その悲しそうな声に胸の奥がキュッと傷んだ。
今、レオンハルトは子供の頃に亡くなったと言ってた母親のことを思い出しているんだ。
「療養のためにヘルストン家が母をこの城に呼んだんだ。その時、まだ幼かった私も一緒に来た」
幼いレオンハルトが頭に浮かぶ。
子供には大きなお城は迷路のようで遊び場として楽しかっただろう。
お城中を探検して、毎日走り回って。
「ここは母が使っていた部屋。

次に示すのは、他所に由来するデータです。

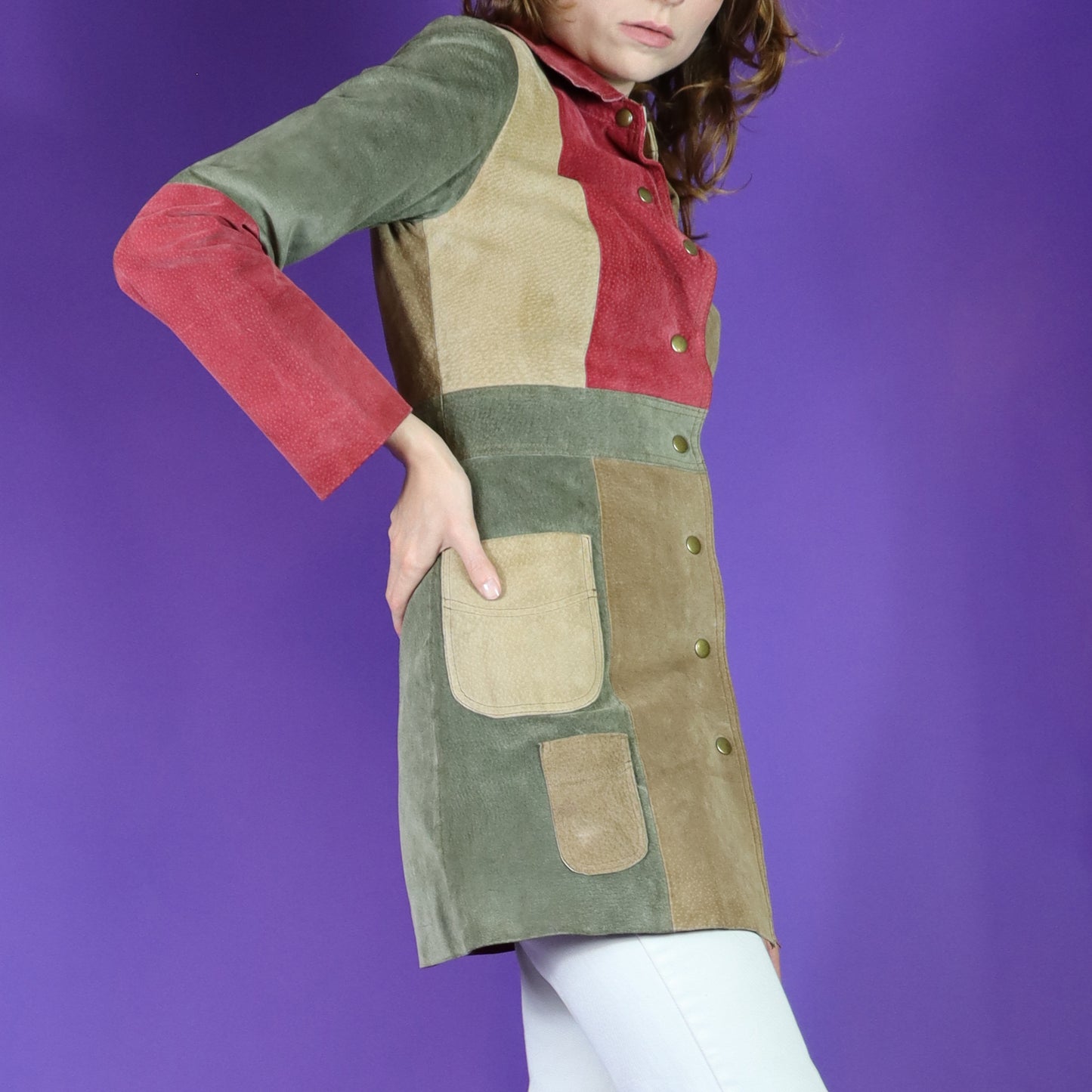 Vintage 1970s Colour Block Suede Jacket Coat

二人で食事をしたり、物語を読んでもらったり、一緒に寝たり・・・最後に母と過ごした場所」
「・・・・・・ごめんなさい」
両手で顔を覆うアナスタシア。
申し訳なさすぎて顔を見れない。
「なんで謝るの?」
「だって・・・私」
母親に嫉妬してたんだ。
ここはレオンハルトにとって楽しい思い出だけじゃない。
母親と別れた場所だから。
「知らなかったのだから仕方ないよ。母のことを話してなかった私が悪い」
「違う。私が悪いの。私が馬鹿なの」
自分の愚かさに激しく落ち込む。
情けなくてレオンハルトの顔が見れない。